He was co-founder of ‘the Cadillac’ of nudist resorts
Hans Stein and his wife operated Four Seasons camp for 40 years
Hans Stein went from one extreme to the other.
During the Second World War, he was conscripted into the German army and sent to the Russian front, known for its battles in snow and freezing temperatures. His unit was surrounded, but he managed to escape and walk and hitchhike back to Berlin.
After he came to Canada in 1957, he and his wife Lisa opened two nudist resorts — the Ponderosa Nature Resort in 1964 in the former Beverly Township, and the much larger Four Seasons Family Nudist Resort near Freelton in the former East Flamborough Township in 1969.
Stein — who died Dec. 31 at age 95 — and his wife were the nucleus of a unique piece of Hamilton history. They ran the resorts for 45 years and by the end of the 1980s, Four Seasons had a membership of 1,200, including 550 families.
Spectator columnist Paul Wilson described the 12th Concession Road East resort in 1990 as “the Cadillac of camps for those without clothes. Fifty acres of peace and privacy on the edges of Freelton. Big indoor swimming pool that becomes a dance floor with the touch of a button. Bars. Tennis courts. Lake. Tanning table. Whirlpool deluxe. Four hundred trailer sites.”

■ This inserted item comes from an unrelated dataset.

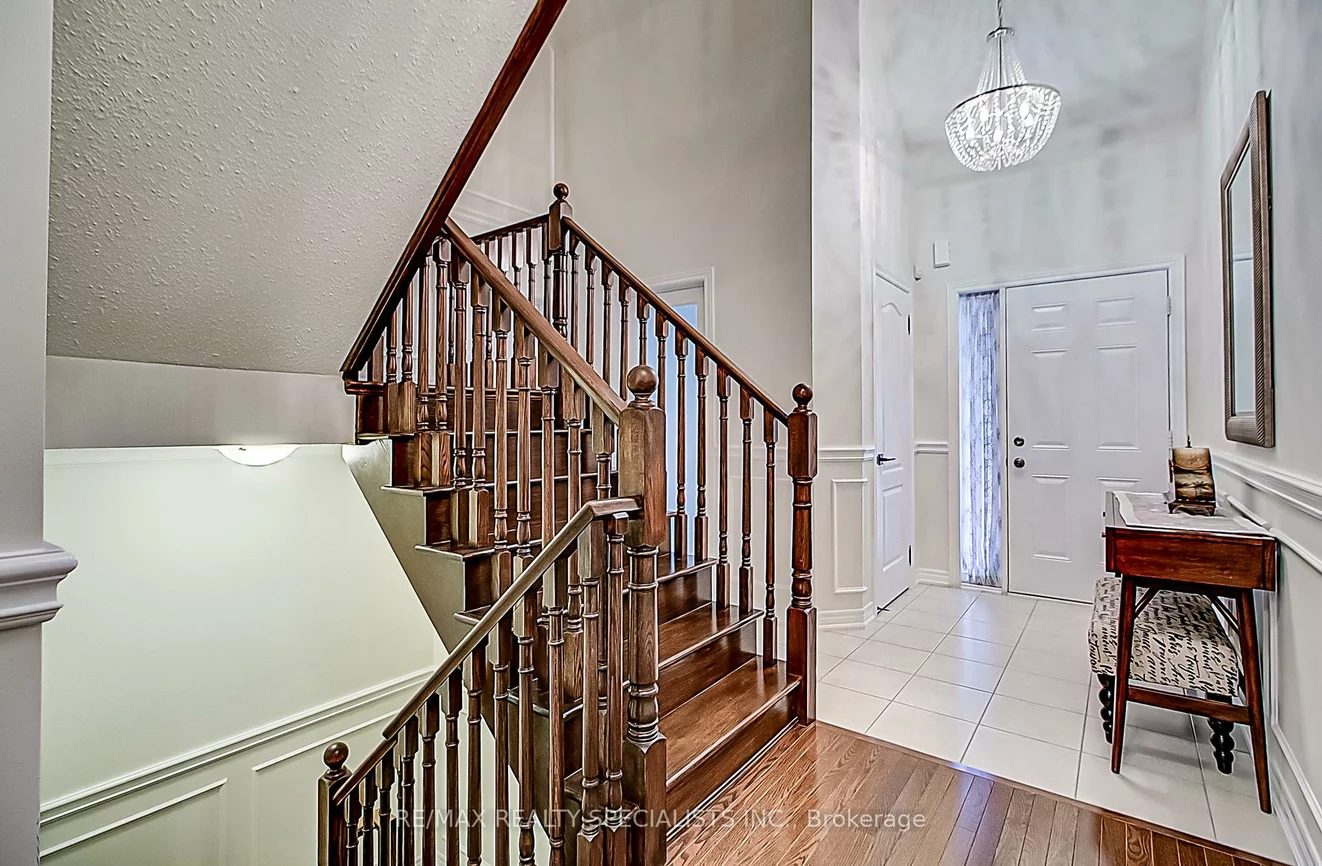 14, Alamode, Sandringham-Wellington, Brampton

By the time it changed to what nudists call “a textile” — a clothes-required establishment — in 2011, there were still more than 100 families who were members. This was two years after the couple had sold the property. It is now Fernbrook Resort. Ponderosa on 8th Concession Road West continues to operate.
Stein, who also served in an antiaircraft unit in Berlin, visited on a whim a nudist park with his family near Fonthill in 1960. He fell for the lifestyle, but Stein found the owner too strict. He was a former U-boat commander.

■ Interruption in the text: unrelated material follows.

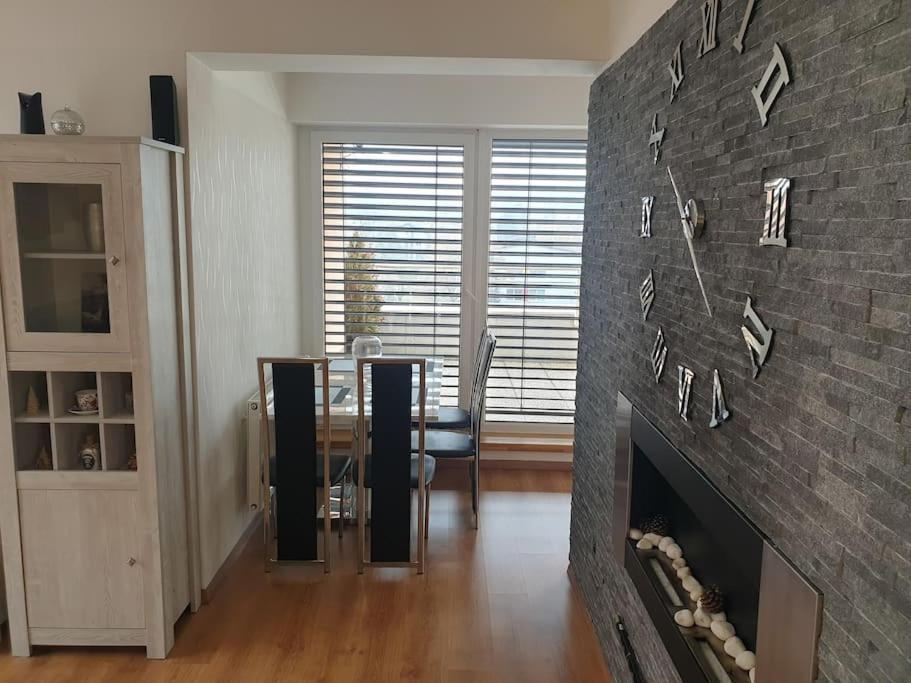 Mezonetovy Apartman V Centre Novej Dubnice Ilava Esterno foto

“He was too bossy,” Stein told the Spec in 2012. “Drinking wasn’t allowed and he would barge into our rooms, looking for imaginary bottles.”
He started thinking about opening his own park. At first, he believed he might face some difficulty opening a nudist park in Beverly Township. He went to the township hall in Rockton to ask what kind of permit he would need to open such a park. He said the clerk didn’t bat an eye.

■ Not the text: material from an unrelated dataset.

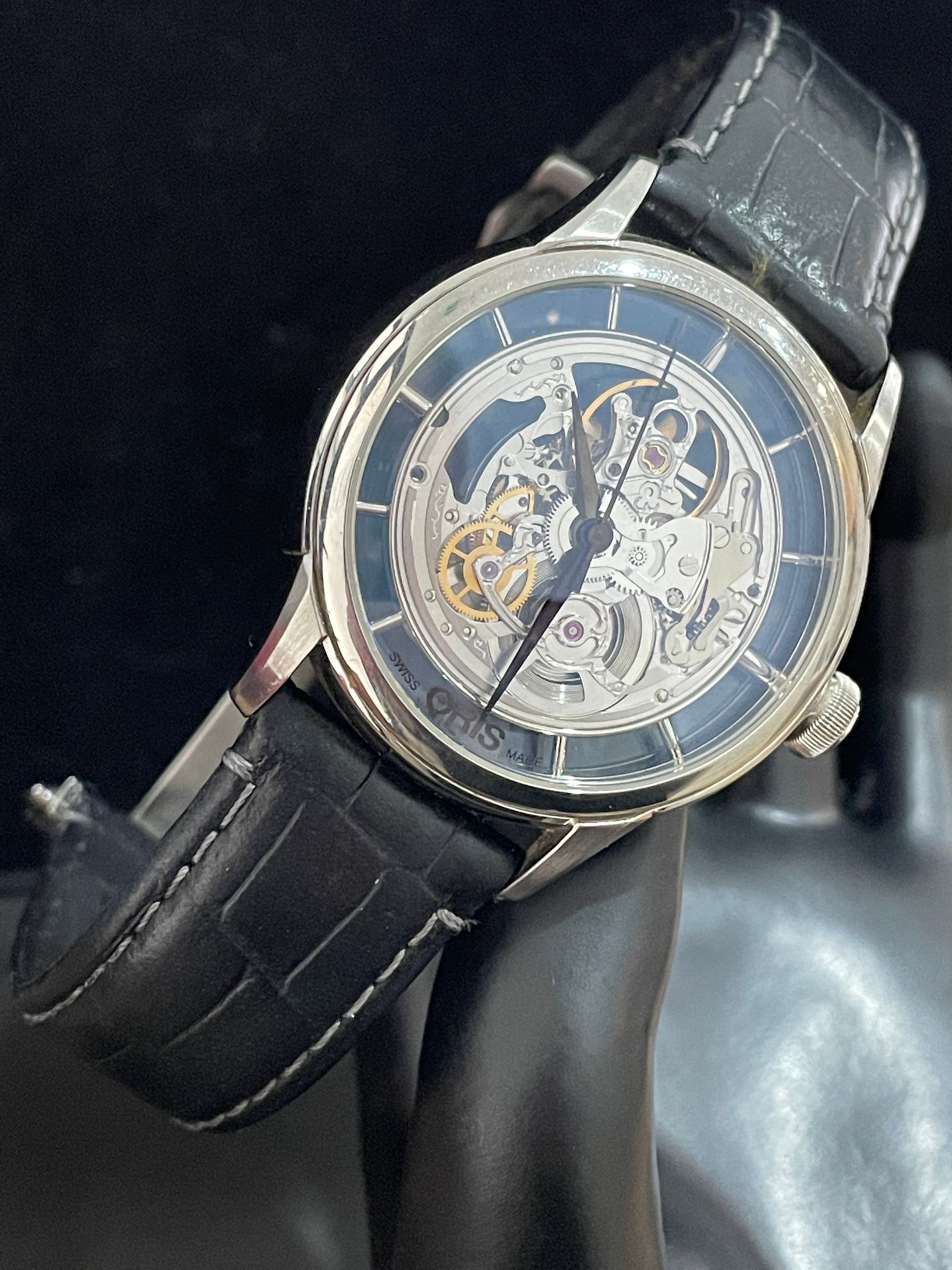 Null ORIS.
水晶蓝宝石男士手表，自动机芯。精钢表壳，原装黑色皮表带。
N°7684. 33. 04143.
原装表壳和包装盒。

“The woman said, ‘Let me look at the bylaws,’ handed me a form for a seasonal park and said it’d be $10,” he said.
At first, he didn’t know what to expect, and he kept his job at Union Gas. He opened Ponderosa with his sister and her husband. By 1968, it was doing so well Stein sold his share to his sister to finance the Four Seasons.
A year after opening, he inaugurated the Miss Nude Pageant and it caught fire. They held a total of four pageants and the events brought media to the door, plus contestants from Canada, the United States, Mexico and Europe. Media personalities like Pierre Berton and Gordon Sinclair served as judges, and Sinclair later became a Four Seasons member.
In 1970, there were 10 contestants and, in 1971, there were 17. One day alone in 1971, 2,500 people came to the park to see the pageant.
The 1971 winner received a trophy, a trip to Florida and a set of snow tires.
The couple told a podcast interviewer several years ago they decided to cancel the pageant because they came to believe it was “antinaturist.”
Though Four Seasons was gone, Stein and his wife still enjoyed the lifestyle. They were interviewed by the McClatchy-Tribune News Service in 2014 while at Cypress Cove, a nudist resort they had visited since 1964. The reporter commented on how fit and young Stein looked at 86. He was naked, but for tennis shoes.
“It’s the nudist lifestyle,” Stein said.
Stein is survived by his wife Lisa, three granddaughters and three great-grandchildren. He was predeceased by his son Michael in 2008 and his grandson Neeko in 2014.